Tensors on different devices when using DataParallel: Expected all tensors to be on the same device

Hi, I’m trying to adapt some code to run on multiple GPUs. To do so, I’ve followed this example. It seemed quite simple and seamless. I was able to make it work on a simple dummy example.

However, I’m unable to make it work on my actual code. I keep getting the following error:

RuntimeError: Expected all tensors to be on the same device, but found at least two devices, cuda:0 and cuda:1!

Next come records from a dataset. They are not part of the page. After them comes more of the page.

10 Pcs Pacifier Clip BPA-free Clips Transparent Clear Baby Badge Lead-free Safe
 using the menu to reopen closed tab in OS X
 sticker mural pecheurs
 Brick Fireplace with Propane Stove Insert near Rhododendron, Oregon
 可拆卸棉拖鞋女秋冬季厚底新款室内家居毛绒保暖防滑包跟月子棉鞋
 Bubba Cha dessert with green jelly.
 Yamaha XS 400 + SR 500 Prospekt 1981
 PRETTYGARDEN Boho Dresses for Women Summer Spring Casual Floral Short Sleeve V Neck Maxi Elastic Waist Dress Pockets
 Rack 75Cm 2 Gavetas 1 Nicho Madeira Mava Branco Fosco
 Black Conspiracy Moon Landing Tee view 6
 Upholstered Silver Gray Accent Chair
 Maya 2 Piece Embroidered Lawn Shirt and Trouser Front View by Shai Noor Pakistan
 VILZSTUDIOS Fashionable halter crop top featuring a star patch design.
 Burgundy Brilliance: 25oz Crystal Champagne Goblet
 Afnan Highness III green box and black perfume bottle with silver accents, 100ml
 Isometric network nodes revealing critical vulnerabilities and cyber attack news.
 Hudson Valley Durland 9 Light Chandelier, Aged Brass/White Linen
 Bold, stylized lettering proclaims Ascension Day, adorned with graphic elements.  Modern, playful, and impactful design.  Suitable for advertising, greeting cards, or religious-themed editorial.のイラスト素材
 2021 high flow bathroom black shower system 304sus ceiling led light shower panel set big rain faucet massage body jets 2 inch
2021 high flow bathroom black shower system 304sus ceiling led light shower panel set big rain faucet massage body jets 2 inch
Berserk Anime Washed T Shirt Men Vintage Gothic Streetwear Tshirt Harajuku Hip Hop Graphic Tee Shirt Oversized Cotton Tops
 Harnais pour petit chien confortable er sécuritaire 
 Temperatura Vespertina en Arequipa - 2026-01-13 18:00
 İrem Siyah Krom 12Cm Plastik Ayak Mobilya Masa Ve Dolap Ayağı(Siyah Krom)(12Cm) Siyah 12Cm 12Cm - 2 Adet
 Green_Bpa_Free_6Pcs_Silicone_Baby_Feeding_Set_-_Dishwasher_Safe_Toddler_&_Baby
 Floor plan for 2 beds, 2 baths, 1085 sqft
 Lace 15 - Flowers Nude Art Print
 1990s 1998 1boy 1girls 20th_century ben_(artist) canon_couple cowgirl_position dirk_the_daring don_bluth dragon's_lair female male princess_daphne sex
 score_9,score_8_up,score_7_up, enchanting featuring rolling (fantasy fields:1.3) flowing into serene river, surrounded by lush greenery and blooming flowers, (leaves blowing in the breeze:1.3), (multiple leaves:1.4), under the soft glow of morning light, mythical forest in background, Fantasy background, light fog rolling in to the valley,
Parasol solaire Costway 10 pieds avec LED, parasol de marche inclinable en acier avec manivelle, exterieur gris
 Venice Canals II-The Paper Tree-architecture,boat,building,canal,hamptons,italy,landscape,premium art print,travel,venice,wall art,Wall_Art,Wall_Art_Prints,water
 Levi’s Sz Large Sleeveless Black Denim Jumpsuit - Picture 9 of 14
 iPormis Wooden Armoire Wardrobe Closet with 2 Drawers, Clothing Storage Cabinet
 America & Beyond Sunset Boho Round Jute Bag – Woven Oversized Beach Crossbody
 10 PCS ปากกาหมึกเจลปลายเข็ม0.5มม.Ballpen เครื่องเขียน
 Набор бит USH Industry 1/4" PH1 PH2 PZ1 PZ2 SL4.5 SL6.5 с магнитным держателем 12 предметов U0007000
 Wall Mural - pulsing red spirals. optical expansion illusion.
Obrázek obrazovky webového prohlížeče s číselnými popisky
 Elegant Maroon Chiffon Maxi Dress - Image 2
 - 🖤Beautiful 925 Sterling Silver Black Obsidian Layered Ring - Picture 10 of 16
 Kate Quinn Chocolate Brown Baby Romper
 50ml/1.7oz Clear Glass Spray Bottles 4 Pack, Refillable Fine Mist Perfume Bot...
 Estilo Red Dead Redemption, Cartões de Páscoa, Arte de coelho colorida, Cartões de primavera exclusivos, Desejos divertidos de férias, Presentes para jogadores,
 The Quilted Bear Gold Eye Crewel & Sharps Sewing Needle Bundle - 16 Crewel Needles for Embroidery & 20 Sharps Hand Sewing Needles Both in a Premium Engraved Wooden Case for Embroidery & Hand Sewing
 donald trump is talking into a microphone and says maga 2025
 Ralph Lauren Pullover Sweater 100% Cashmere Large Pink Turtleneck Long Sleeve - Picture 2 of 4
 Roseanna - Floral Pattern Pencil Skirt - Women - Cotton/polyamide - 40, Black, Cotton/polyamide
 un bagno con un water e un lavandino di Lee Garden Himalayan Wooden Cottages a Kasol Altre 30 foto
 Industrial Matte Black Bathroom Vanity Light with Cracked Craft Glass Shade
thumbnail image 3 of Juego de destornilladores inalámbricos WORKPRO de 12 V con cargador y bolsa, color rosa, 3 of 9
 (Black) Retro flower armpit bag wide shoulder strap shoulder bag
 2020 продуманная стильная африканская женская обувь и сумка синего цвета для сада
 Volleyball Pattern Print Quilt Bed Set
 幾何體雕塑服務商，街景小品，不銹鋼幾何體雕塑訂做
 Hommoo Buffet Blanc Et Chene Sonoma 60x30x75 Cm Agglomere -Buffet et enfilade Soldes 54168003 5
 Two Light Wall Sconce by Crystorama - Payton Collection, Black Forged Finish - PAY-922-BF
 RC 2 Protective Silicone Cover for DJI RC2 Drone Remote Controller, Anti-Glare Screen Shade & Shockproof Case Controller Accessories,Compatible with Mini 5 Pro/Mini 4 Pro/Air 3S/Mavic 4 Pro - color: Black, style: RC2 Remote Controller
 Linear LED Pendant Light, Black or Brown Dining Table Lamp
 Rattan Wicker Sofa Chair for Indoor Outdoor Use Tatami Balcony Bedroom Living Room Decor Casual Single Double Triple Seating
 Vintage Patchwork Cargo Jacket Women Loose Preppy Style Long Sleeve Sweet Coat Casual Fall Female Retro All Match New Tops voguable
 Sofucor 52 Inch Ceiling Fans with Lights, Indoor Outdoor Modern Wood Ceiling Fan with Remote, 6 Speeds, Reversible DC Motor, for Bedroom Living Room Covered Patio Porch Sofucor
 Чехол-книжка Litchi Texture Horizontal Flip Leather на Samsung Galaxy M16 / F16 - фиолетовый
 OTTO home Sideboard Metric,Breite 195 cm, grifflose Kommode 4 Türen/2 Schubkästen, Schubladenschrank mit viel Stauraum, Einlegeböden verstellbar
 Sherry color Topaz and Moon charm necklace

Here’s a simplified version of my code.
The Model:

class VGAN_generator(nn.Module):

    def __init__(self, z_dim, hidden_dim, x_dim, layers, col_type, col_ind ,condition=False,c_dim=0):
        super(VGAN_generator, self).__init__()
        self.input = nn.Linear(z_dim+c_dim, hidden_dim)
        self.inputbn = nn.BatchNorm1d(hidden_dim)
        self.hidden = []
        self.BN = []
        self.col_type = col_type
        self.col_ind = col_ind
        self.x_dim = x_dim
        self.c_dim = c_dim
        self.condition = condition
        for i in range(layers):
            fc = nn.Linear(hidden_dim, hidden_dim)
            setattr(self, "fc%d"%i, fc)
            bn = nn.BatchNorm1d(hidden_dim)
            setattr(self, "bn%d"%i, bn)
        self.output = nn.Linear(hidden_dim, x_dim)
        self.outputbn = nn.BatchNorm1d(x_dim)
    def forward(self, z):
        z = self.input(z)
        z = self.inputbn(z)
        z = torch.relu(z)
        for i in range(len(self.hidden)):
            z = self.hidden[i](z)
            z = self.BN[i](z)
            z = torch.relu(z)
        x = self.output(z)
        x = self.outputbn(x)
        output = []
        for i in range(len(self.col_type)):
            sta = self.col_ind[i][0]
            end = self.col_ind[i][1]
            if self.col_type[i] == 'binary':
                temp = torch.sigmoid(x[:,sta:end])
            elif self.col_type[i] == 'normalize':
                temp = torch.tanh(x[:,sta:end])
            elif self.col_type[i] == 'one-hot':
                temp = torch.softmax(x[:,sta:end], dim=1)
            elif self.col_type[i] == 'gmm':
                temp1 = torch.tanh(x[:,sta:sta+1])
                temp2 = torch.softmax(x[:,sta+1:end], dim=1)
                temp = torch.cat((temp1,temp2),dim=1)
            elif self.col_type[i] == 'ordinal':
                temp = torch.sigmoid(x[:,sta:end])
        output = torch.cat(output, dim = 1)
        return output

The Training

def V_Train(G, epochs, lr, dataloader, z_dim, device, steps_per_epoch = None):

    print("Let's use", torch.cuda.device_count(), "GPUs!")
    if torch.cuda.device_count() > 1:
        G = nn.DataParallel(G, device_ids=[0,1])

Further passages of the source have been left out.